Their adventures in the UAE in the 1980s were chronicled in a series of remarkable photographs showing an older way of life and increasing modernisation.

They portray old Ruwais, Abu Dhabi’s transforming Corniche, Fujairah's snorkelling haven Snoopy Island, a much smaller Sandy Beach Hotel with a simple line of chalets and simpler times in Khor Fakkan with old wooden dhows in the harbour.

One evocative shot captures a classic 1980s-style shop in Ruwais — which sold everything from pirated cassettes to shawarma — called “Honest supermarket” but which was known informally as Honest Joe’s.

“Honest Joe’s had everything,” said Mrs Ford, who is from Wales. “Walls lined with cassettes, tape after tape and they were all pirated. It was just there in the middle of the desert. Just sand, then a shop and then sand for miles and miles.”

The couple married and moved to Abu Dhabi in 1984 and lived on the Corniche before leaving the UAE permanently in 1988 in search of a new challenge. But memories of the UAE stayed with them and finally prompted the return trip.

“Treasure hunts are normally looking for jewels amongst the rubble but we were looking for rubble amongst the jewels,” she said with a smile. “We were told we wouldn’t find anything. But a lot of things were in the same places.”

Going back in time

The couple found the beach between the hotel and what is now the Adnoc Club where Mr Ford proposed.

“It is totally different now with a pier but we knew where that was, so that was quite romantic,” she said. “We are making new memories as well.”

The villa where Mrs Ford lived and the clinic where they worked is gone, the old hospital is derelict and a new hospital has now been built to serve the community. Ruwais is also much larger.

“It is a city now. Before it was just a small housing complex,” she said. “There is a massive shopping mall there as well now, big for Ruwais, all glossy and glistening but quiet.”

In the Northern Emirates, they felt the pace of change was slower and flickers of the old life remained in places such as in Fujairah.

“The Sandy Beach hotel was fantastic,” said Mr Ford. “The old chalets are still there.”

His wife agreed: “It was so tranquil. Like a haven of serenity. We thought maybe we’ll have to come back and spend a week here.”

Abu Dhabi is a different place now. But despite that, the city “still feels like home”.

“It would have been very transient in our day,” said Mrs Ford. “People left at retirement but now quite a few people have retired there now. It does seem to be evolving,” she said.

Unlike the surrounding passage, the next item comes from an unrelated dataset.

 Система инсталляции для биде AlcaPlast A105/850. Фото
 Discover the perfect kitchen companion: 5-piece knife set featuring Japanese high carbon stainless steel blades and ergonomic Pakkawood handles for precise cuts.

“We were also really blown away by people of determination [how the UAE describes people with special needs or disabilities]. We want to take that home. Why isn’t this happening everywhere? It also hasn’t lost its kindness. And we feel safe.”

The couple leave for the UK on Monday. They are proud of the time they spent at an early and important time in the UAE’s development.

“We both look back on it really fondly,” said Mrs Ford. “We were also very proud to have been there close to the beginning. We were small cogs but felt we were contributing.”